After the imprisonment of our embassy personnel in Iran during President Carter’s administration, I was telling this story in a restaurant. A waitress overheard me and exclaimed that no one would have been that kind in Iran. She said I was making the story up. How little she and so many others know of the generosity and kindness of so many Iranians.

I happily spent that day, as my young host directed me, visiting his city. I went first to the Masjed-e Shah. There, the color of the tiles seems to change as the sunlight changes. Inside, one goes from sumptuous sanctuary to sumptuous sanctuary. Exquisite calligraphy decorates everywhere.
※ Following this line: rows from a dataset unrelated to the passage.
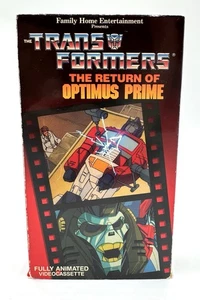 The Transformers: The Return Of Optimus Prime VHS Tape 1987 - Tested - Picture 1 of 7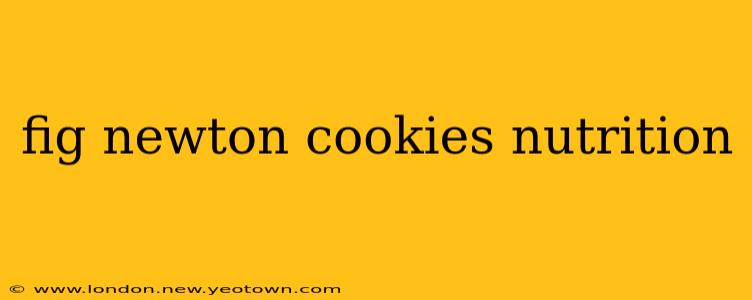 fig newton cookies nutrition
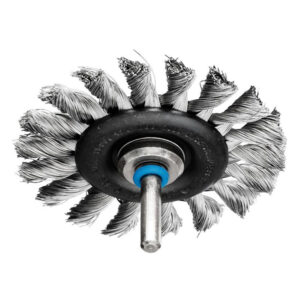 Shaft Mounted Wheel Brush- Crimped Wire / Twisted Knot Wire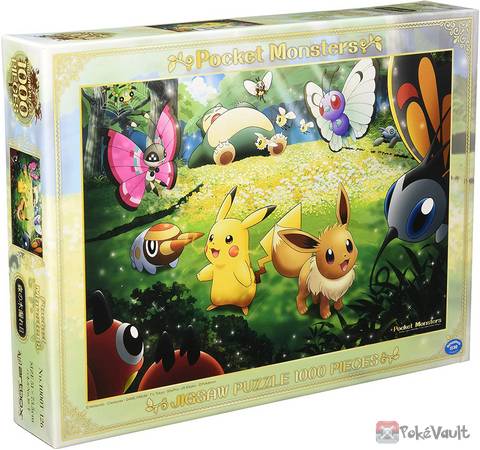 Pokemon 2019 Eevee Butterfree Snorlax 1000 Piece Jigsaw Puzzle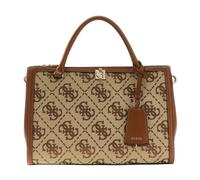 Guess - Audrey Logo Satchel Bag - Femme - Sacs - Beige - Taille: ONE Size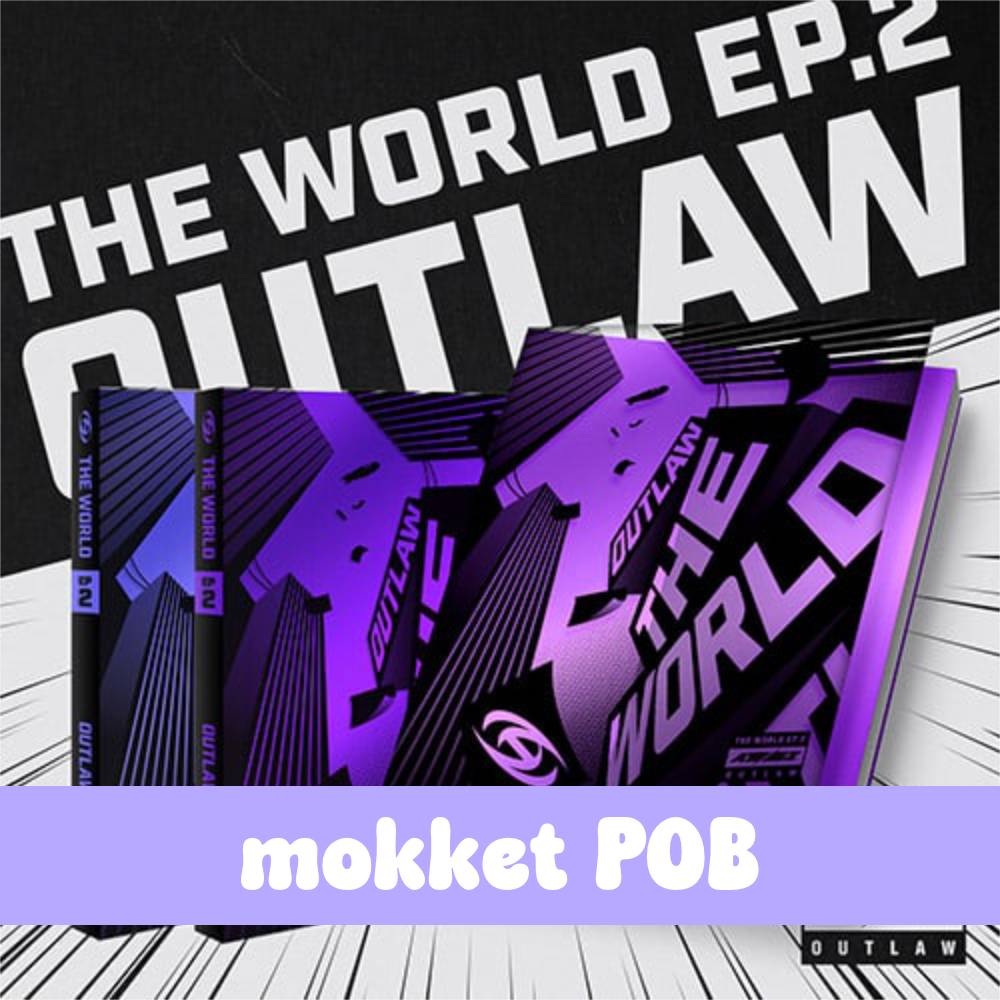ATEEZ – THE WORLD EP.2 : OUTLAW- mokket POB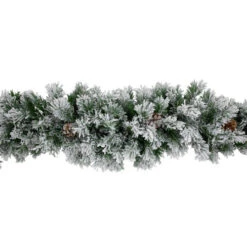Northlight 6.75' X 12" Flocked Angel Pine And Pine Cones Artificial Christmas Garland - Unlit -Ornaments Store northlight v15090 02 60516.1690555853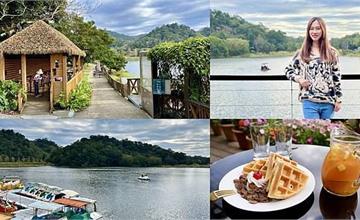 苗栗｜映象水岸：南洋風景觀餐廳！欣賞水岸湖景踩天鵝船，享受浪漫午茶時光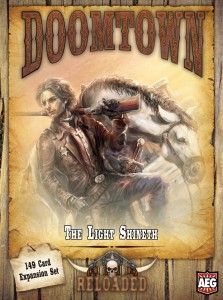 Doomtown: Reloaded – The Light Shineth board game cover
Then I visited the seven-story palace on the medina and the Masjed-e Sheikh Lotfollah, a small mosque that has no minarets, but is bright with pale blue tiles whose color changes with the sun. I went to the bazaar full of carpet sellers and samovar-makers. I visited the museum in Shah Abbas I’s reception hall.
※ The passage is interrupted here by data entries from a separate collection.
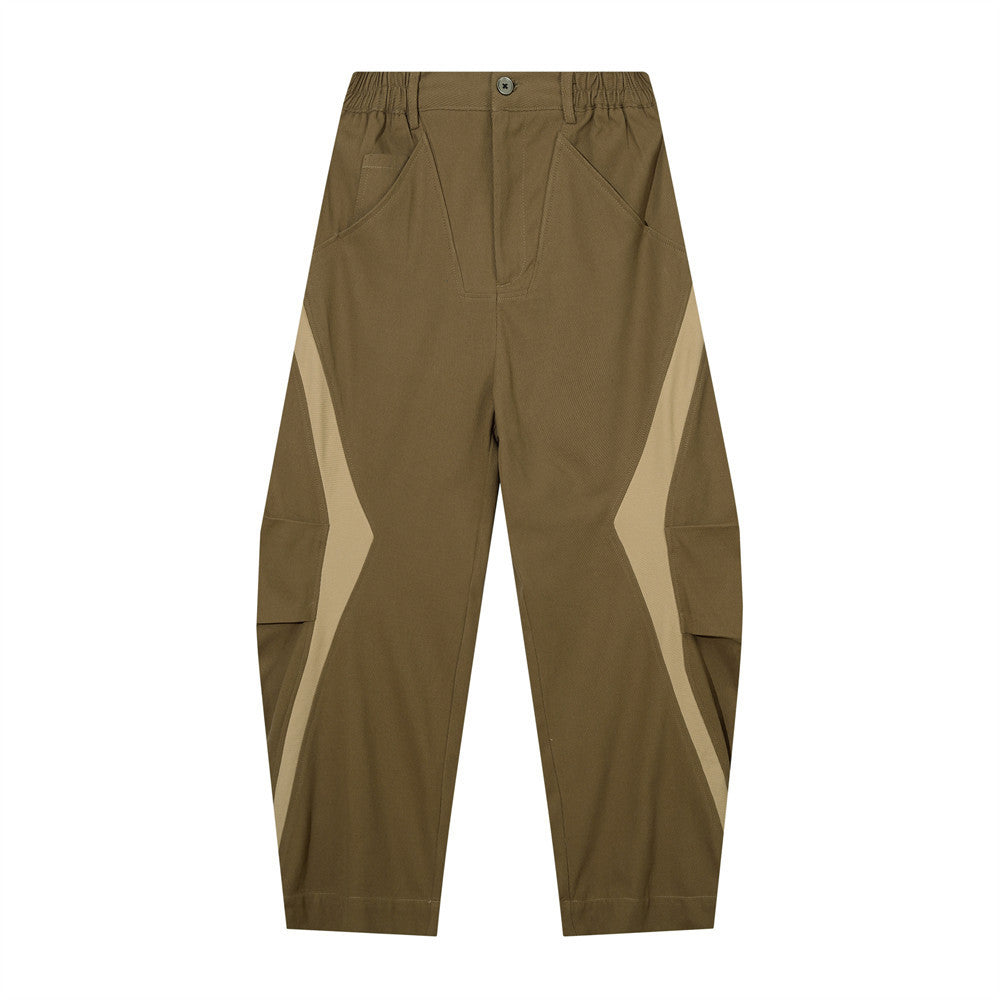 Fashion Stitching Loose Cool Trousers Men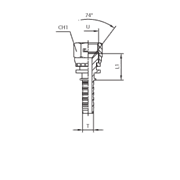 Фитинг DN 06 JIC (Г) 7/16 801703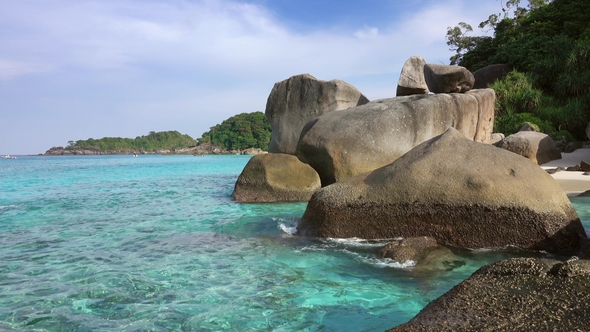 Landscape with Rocks on Similan Islands, Thailand alt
The following day, I took a bus to Shiraz which in the 18th century was the country’s capital. There, I visited the Vakil Mosque, where flowers decorate the tiles. I went to the tombs of the poets and to gardens renowned for cypress trees, roses and tranquil pools.

I had already, on arrival in Iran, briefly stopped at Persepolis, which was then celebrating Shah Mohammad Reza Pahlavi. It was difficult then to visit its great sites, begun by Darius the Great about 518 B.C. I remember largely that there were flags everywhere celebrating the rule of the Shah.
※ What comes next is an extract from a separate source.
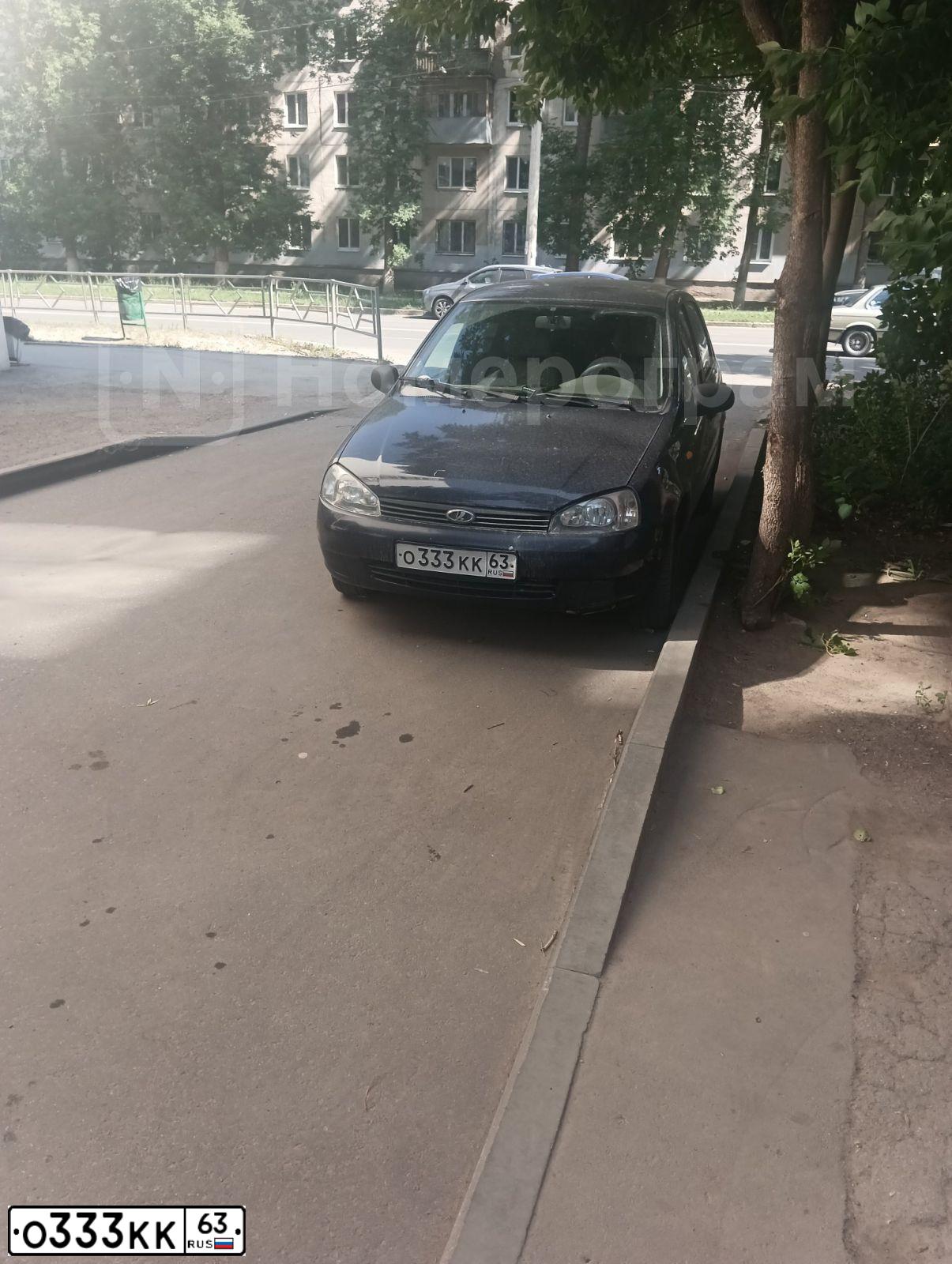 Фото автомобиля LADA 1118 KALINA, 2008 — госномер О333КК63. Цвет: ТЕМНО-СИНЕ-ФИОЛЕТОВЫЙ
I was, surely, no fan of his, particularly after the son in law of the late Stanley Burnshaw of West Tisbury was imprisoned by the Shah’s government on his return to Iran from college in the United States. He had marched in anti-Shah parades in California where he was studying.

But the Iran I visited in the 1970s was, regardless of its government, filled with magnificent architectural and historic sites that President Trump has recklessly threatened to destroy. I hope that world opinion and wiser U.S. government advisors will prevent such destruction of history, art and culture.